● What is expected
Only the lines from the one with "JBM international JBM" through the end of the material are wanted, copied exactly and with the pictures left out.

● Raw data
+ + + + + + +
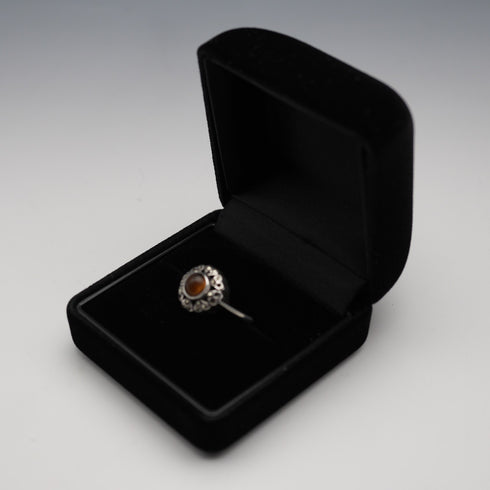 Vintage Tiger's Eye & Marcasite Sterling Silver Ring (US size 7)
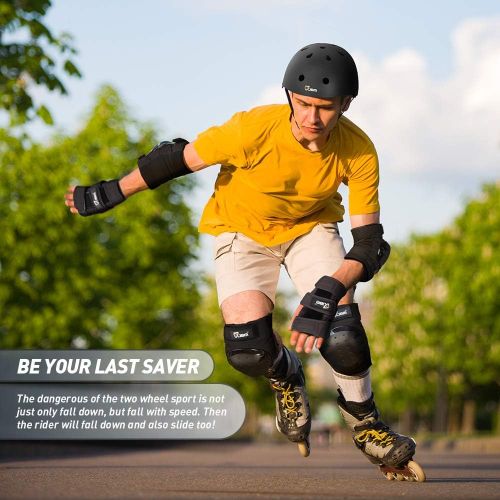  JBM international JBM Child & Adults Rider Series Protection Gear Set for Multi Sports Scooter, Skateboarding, Biking, Roller skating, Protection for beginner to advanced, Helmet, Knee and elbow pad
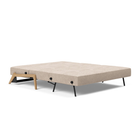 The Cubed Queen Size Sleeper Sofa with Wood Legs from Innovation Living with lacquered oak legs and adario taupe 257 upholstery setup as a bed.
+ + + + + + +
● Answer
  JBM international JBM Child & Adults Rider Series Protection Gear Set for Multi Sports Scooter, Skateboarding, Biking, Roller skating, Protection for beginner to advanced, Helmet, Knee and elbow pad
 The Cubed Queen Size Sleeper Sofa with Wood Legs from Innovation Living with lacquered oak legs and adario taupe 257 upholstery setup as a bed.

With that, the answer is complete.